To compare the PDMP and the Current Opioid Misuse Measure (COMM), a commonly-recommended screening tool for patients on opioids, in detecting drug-aberrant behaviors in patients already taking opioids at the time of ED presentation.
Patients on opioids were enrolled prospectively in a mixed urban-suburban ED seeing approximately 65,000 patients per year. The sensitivity, specificity, likelihood ratios, and diagnostic odds ratios of the PDMP and COMM were compared against objective criteria of drug-aberrant behaviors as documented in the electronic medical record (EMR) and medical examiner databases.
Compared to the COMM, the PDMP had similar sensitivity (36% vs 45%) and similar specificity (79% vs 55%), but better positive predictive value, better negative predictive value, and better diagnostic odds ratio. The combination of the PDMP and the COMM did not improve the detection of drug-aberrant behaviors.

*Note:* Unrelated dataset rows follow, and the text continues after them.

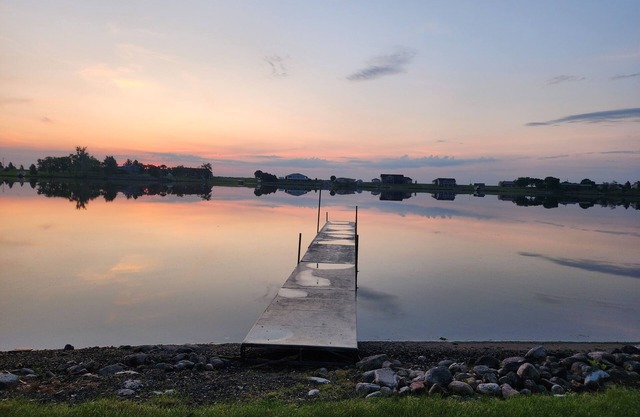 Beautiful 2 story lake front house on Mina Lakennn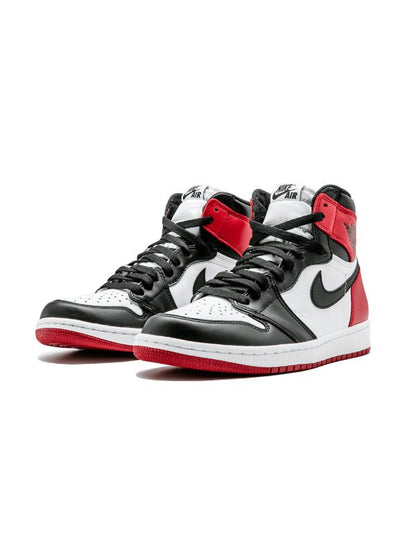 Retro 1 High OG "Black Toe"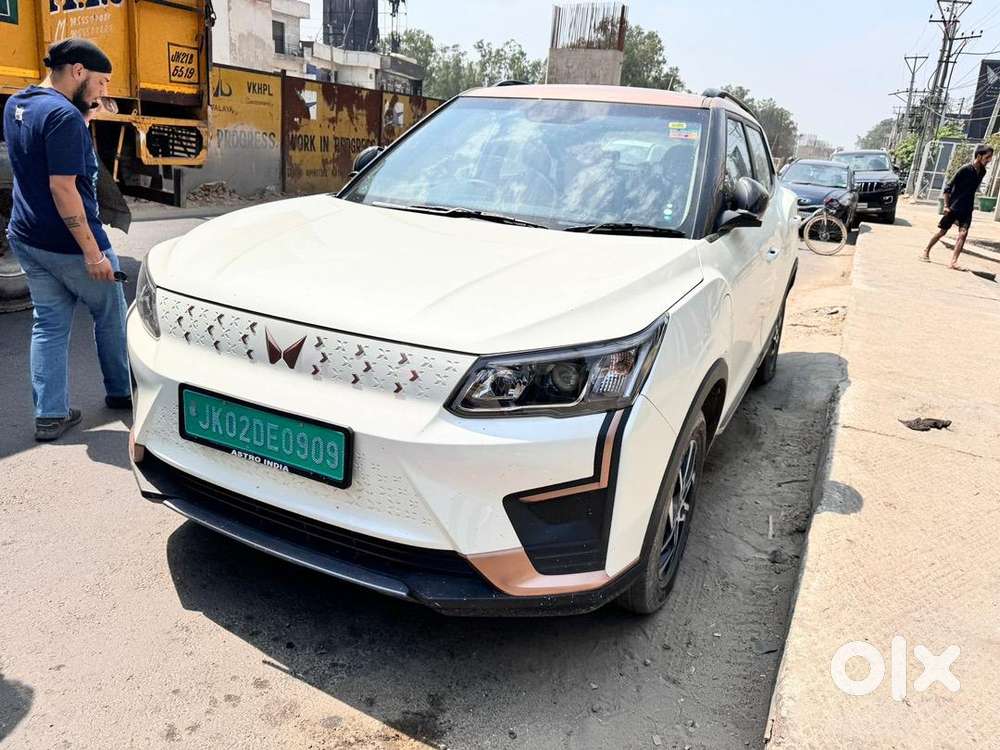 Mahindra Xuv400 Ev 2023 Electric Well Maintained
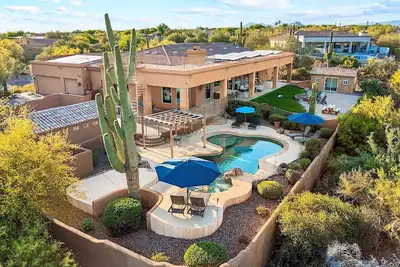 Image de 6br Estate + Guest House, Pool & Spa, Playground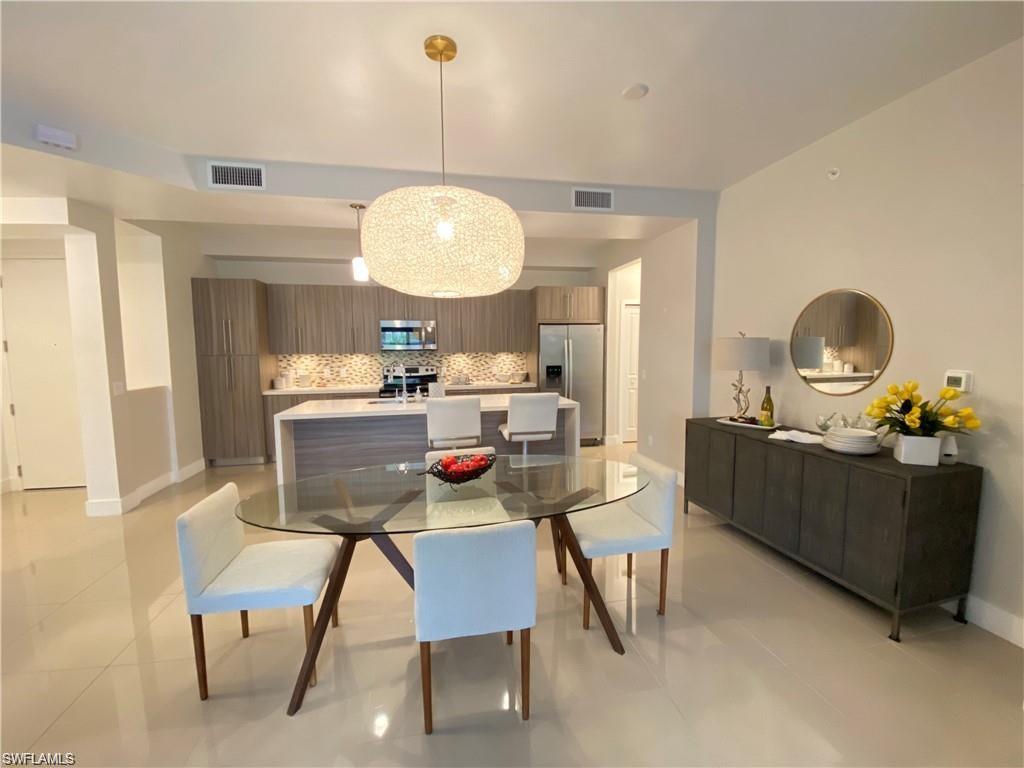 ROYAL POINTE - Residential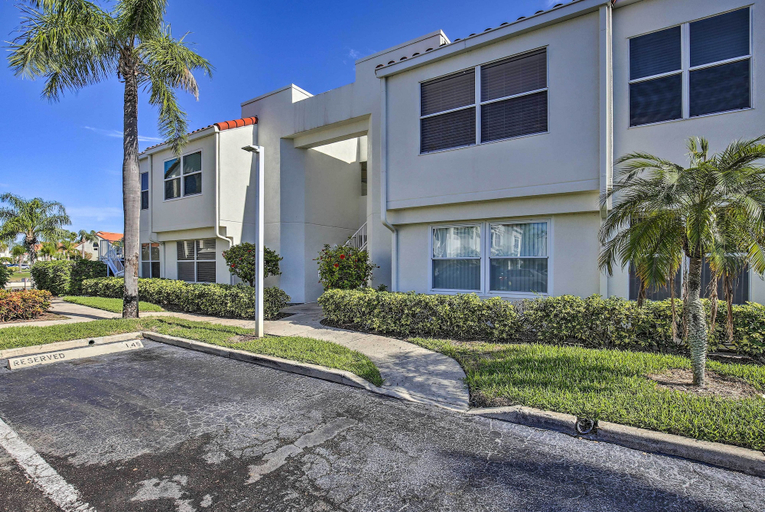 Exterior & Views 2, St Pete Condo w/ Heated Pool - 3 Miles to Beach!, Pinellas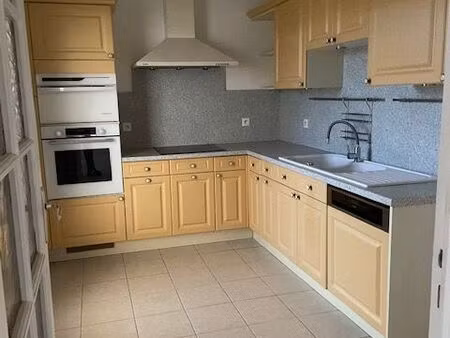 a louer a l'année bel appartement f3 - 65 m2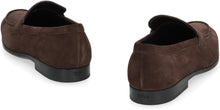 Load image into Gallery viewer, Suede loafers
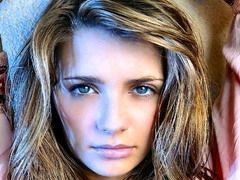 Probleme cu banii in “Tara Minunilor” lui Mischa Barton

The PDMP alone is a more useful as a screening instrument than either the COMM or the combination of the PDMP plus COMM in patients already taking opioids at time of ED presentation. However, the PDMP misses a majority of patients with documented drug-aberrant behaviors in the EMR, and should not be used in isolation to justify whether a particular opioid prescription is appropriate.